EXTRACTED MATERIAL:
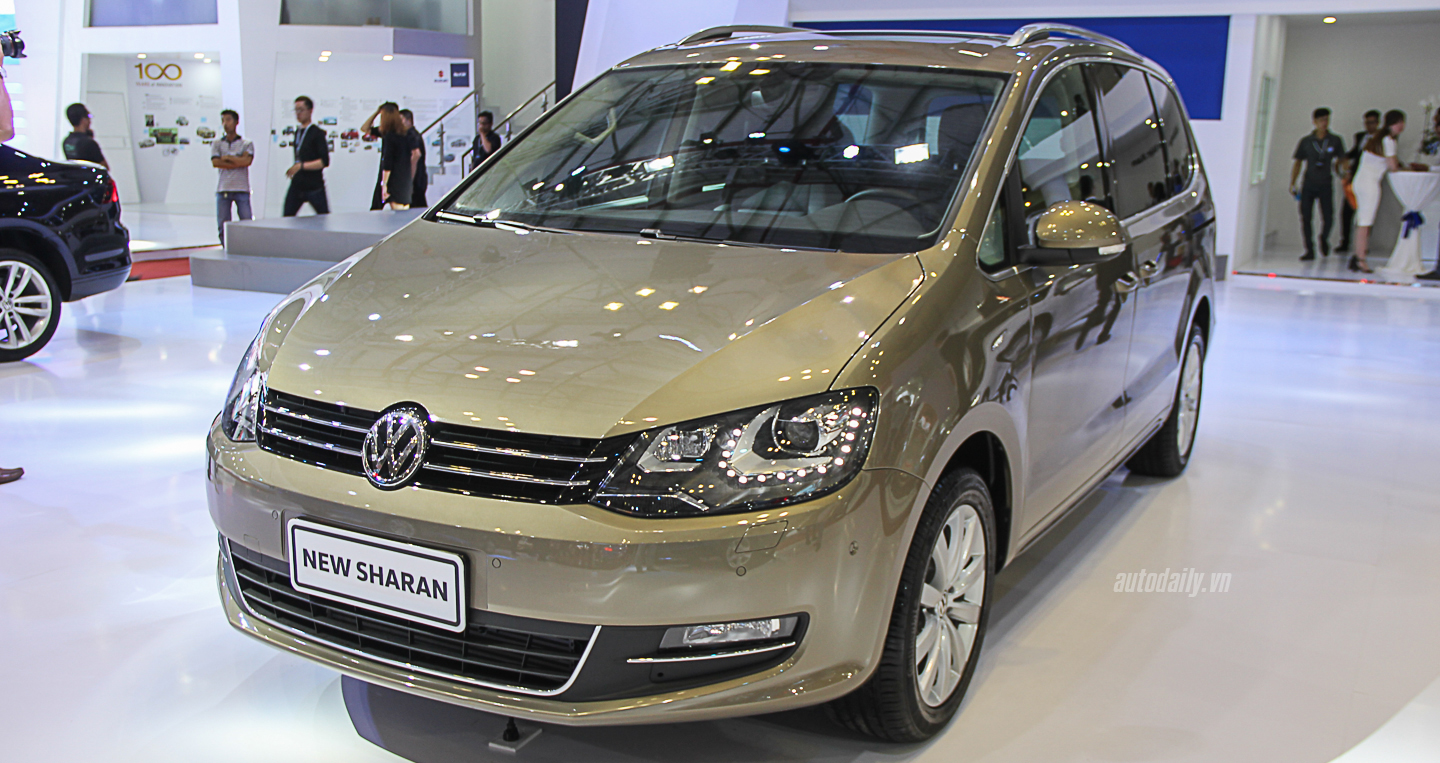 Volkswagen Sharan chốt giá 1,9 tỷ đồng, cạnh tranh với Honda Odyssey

---

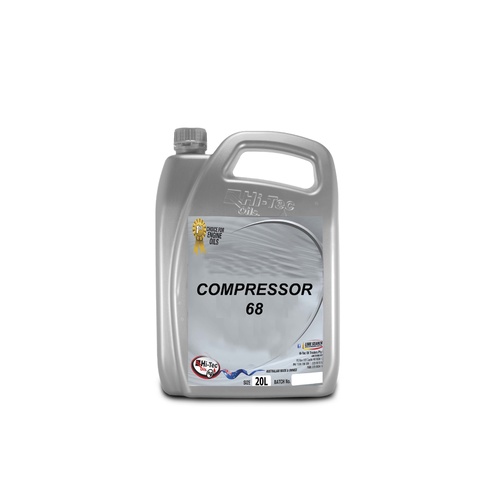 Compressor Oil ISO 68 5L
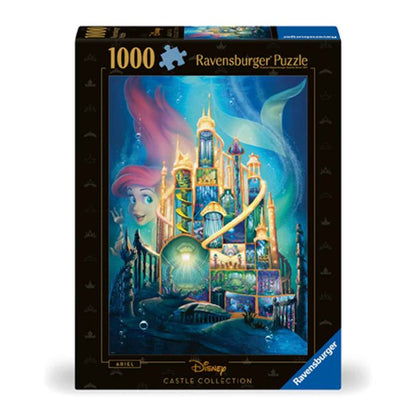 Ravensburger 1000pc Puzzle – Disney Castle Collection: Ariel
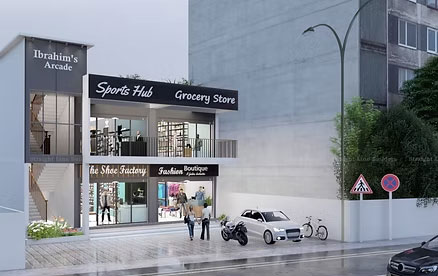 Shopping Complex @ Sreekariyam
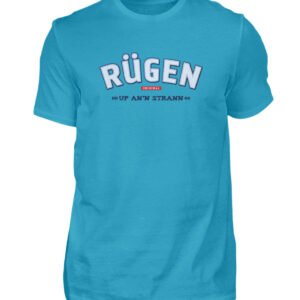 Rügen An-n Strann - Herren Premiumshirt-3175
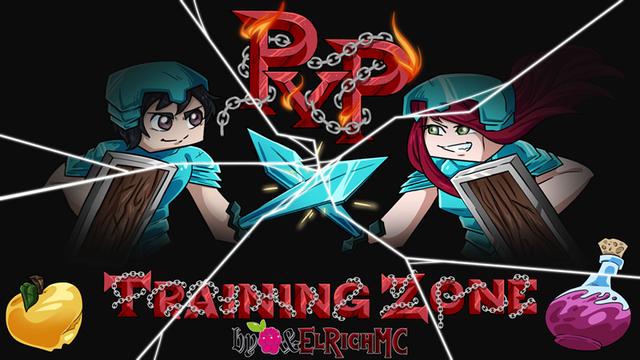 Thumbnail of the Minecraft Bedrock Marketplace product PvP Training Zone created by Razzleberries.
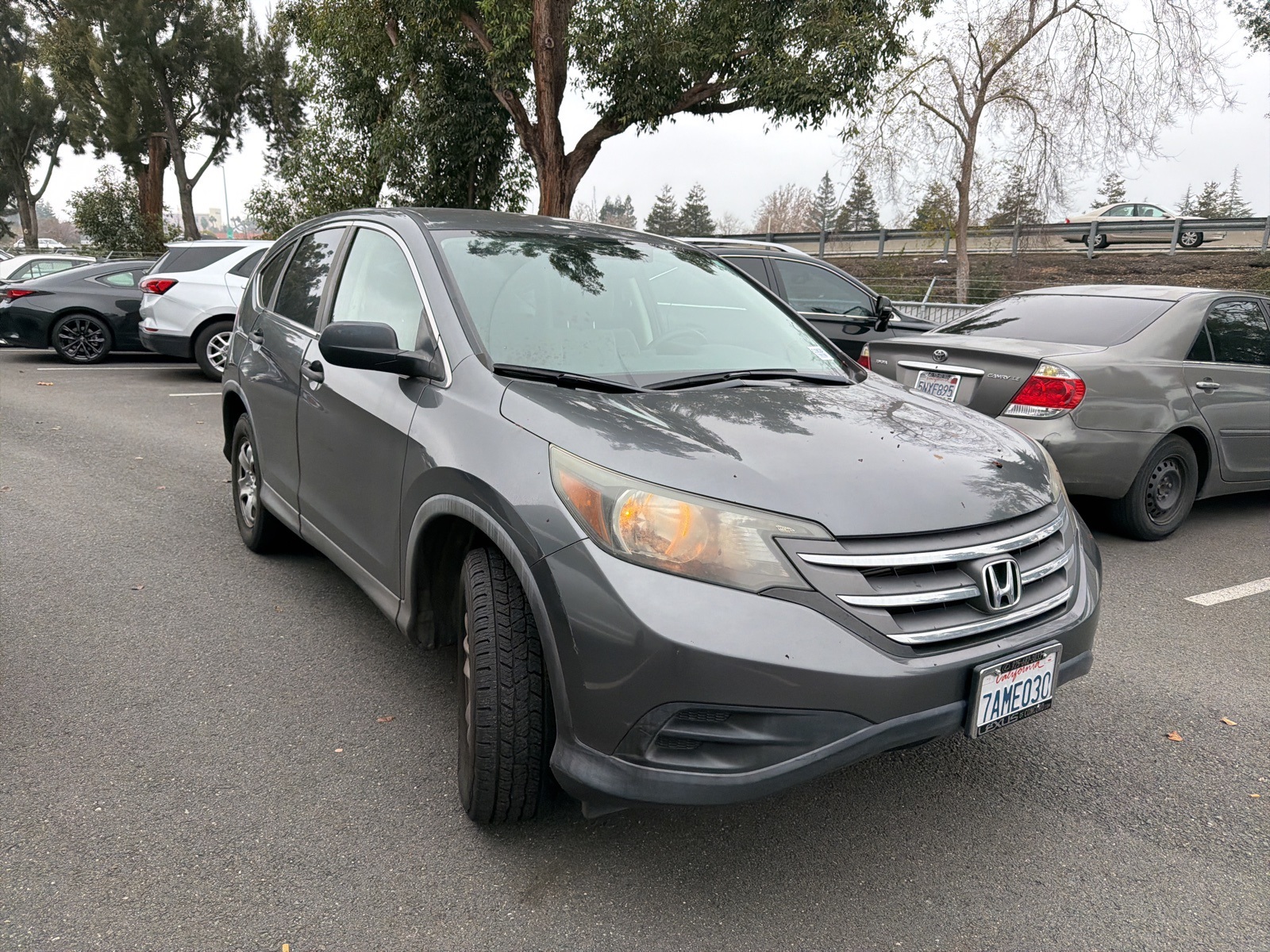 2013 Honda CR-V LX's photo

WORK TASK:
Repeat, without pictures, exactly the lines of the data above from the one containing "Compressor Oil ISO 68 5L" through the one containing "2013 Honda CR-V LX's photo", including both and adding nothing.

YOUR SOLUTION:
 Compressor Oil ISO 68 5L
 Ravensburger 1000pc Puzzle – Disney Castle Collection: Ariel
 Shopping Complex @ Sreekariyam
 Rügen An-n Strann - Herren Premiumshirt-3175
 Thumbnail of the Minecraft Bedrock Marketplace product PvP Training Zone created by Razzleberries.
 2013 Honda CR-V LX's photo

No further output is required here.